Speaking at the Free State Foundation’s Annual Policy Conference, Carr stated that he is “very glad to hear” of Musk’s purchase but that speech reform online should not depend upon trusting a billionaire owner and thus Section 230 reform should still take place.

During the event Carr also offered insights on issues ranging from the outlook of the bipartisan infrastructure bill’s deployment to spectrum debates in the release of 5G.

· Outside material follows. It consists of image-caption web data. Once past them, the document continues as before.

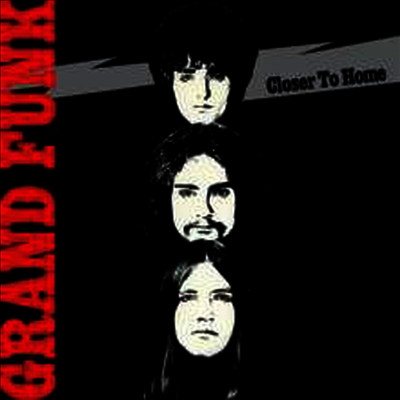 Grand Funk Railroad — Closer To Home (Gatefold Sleeve) 앨범 커버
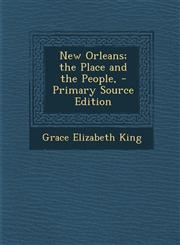 New Orleans; the Place and the People, - Primary Source Edition,1295130254,9781295130252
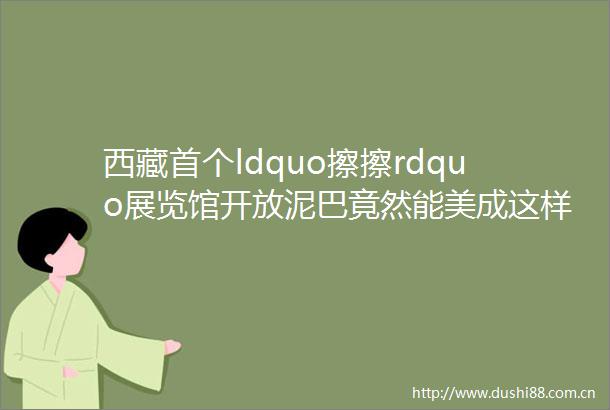 西藏首个ldquo擦擦rdquo展览馆开放泥巴竟然能美成这样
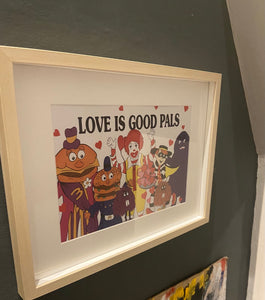 Love Is Good Pals, McDonalds Print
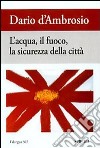 L'acqua, il fuoco, la sicurezza della città libro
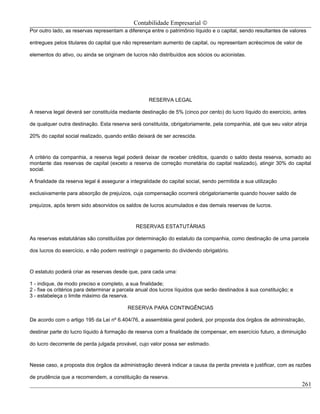 Contabilidade Empresarial ©
Por outro lado, as reservas representam a diferença entre o patrimônio líquido e o capital, sendo resultantes de valores

entregues pelos titulares do capital que não representam aumento de capital, ou representam acréscimos de valor de

elementos do ativo, ou ainda se originam de lucros não distribuídos aos sócios ou acionistas.




                                                    RESERVA LEGAL

A reserva legal deverá ser constituída mediante destinação de 5% (cinco por cento) do lucro líquido do exercício, antes

de qualquer outra destinação. Esta reserva será constituída, obrigatoriamente, pela companhia, até que seu valor atinja

20% do capital social realizado, quando então deixará de ser acrescida.



A critério da companhia, a reserva legal poderá deixar de receber créditos, quando o saldo desta reserva, somado ao
montante das reservas de capital (exceto a reserva de correção monetária do capital realizado), atingir 30% do capital
social.

A finalidade da reserva legal é assegurar a integralidade do capital social, sendo permitida a sua utilização

exclusivamente para absorção de prejuízos, cuja compensação ocorrerá obrigatoriamente quando houver saldo de

prejuízos, após terem sido absorvidos os saldos de lucros acumulados e das demais reservas de lucros.



                                              RESERVAS ESTATUTÁRIAS

As reservas estatutárias são constituídas por determinação do estatuto da companhia, como destinação de uma parcela

dos lucros do exercício, e não podem restringir o pagamento do dividendo obrigatório.



O estatuto poderá criar as reservas desde que, para cada uma:

1 - indique, de modo preciso e completo, a sua finalidade;
2 - fixe os critérios para determinar a parcela anual dos lucros líquidos que serão destinados à sua constituição; e
3 - estabeleça o limite máximo da reserva.

                                           RESERVA PARA CONTINGÊNCIAS

De acordo com o artigo 195 da Lei nº 6.404/76, a assembléia geral poderá, por proposta dos órgãos de administração,

destinar parte do lucro líquido à formação de reserva com a finalidade de compensar, em exercício futuro, a diminuição

do lucro decorrente de perda julgada provável, cujo valor possa ser estimado.



Nesse caso, a proposta dos órgãos da administração deverá indicar a causa da perda prevista e justificar, com as razões

de prudência que a recomendem, a constituição da reserva.
                                                                                                                       261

He called for aggression from the FCC in enforcing spectrum matters, saying the FCC was entitled to approve the release of 5G networks early this year when the safety of such releases were successfully challenged and delayed by the Federal Aviation Administration and Department of Transportation.

Praising the opportunity of the bipartisan infrastructure bill, Carr stated that for the first time he is aware of there are now “enough federal resources to end the digital divide in this country.”

Later in the event, representatives from industry groups spoke to what they said are significant challenges facing deployment of infrastructure bill funds.

Former FCC chairman and NCTA ­– The Internet & Television Association president and CEO Michael Powell said that challenges lie in the Commerce Department and Treasury’s disbursement of bill funds because they have much less skill and experience working with broadband than other government departments do.

He also said the existence of multiple, unintegrated broadband access maps to base disbursement on is a potential road bump as well as the issue of whether individual states can overrule federal maps should they prefer any maps they’ve created on their own.

US Telecom’s president and CEO Jonathan Spalter said that for many of his group’s members it will be difficult to meet the Buy America requirements of the infrastructure bill.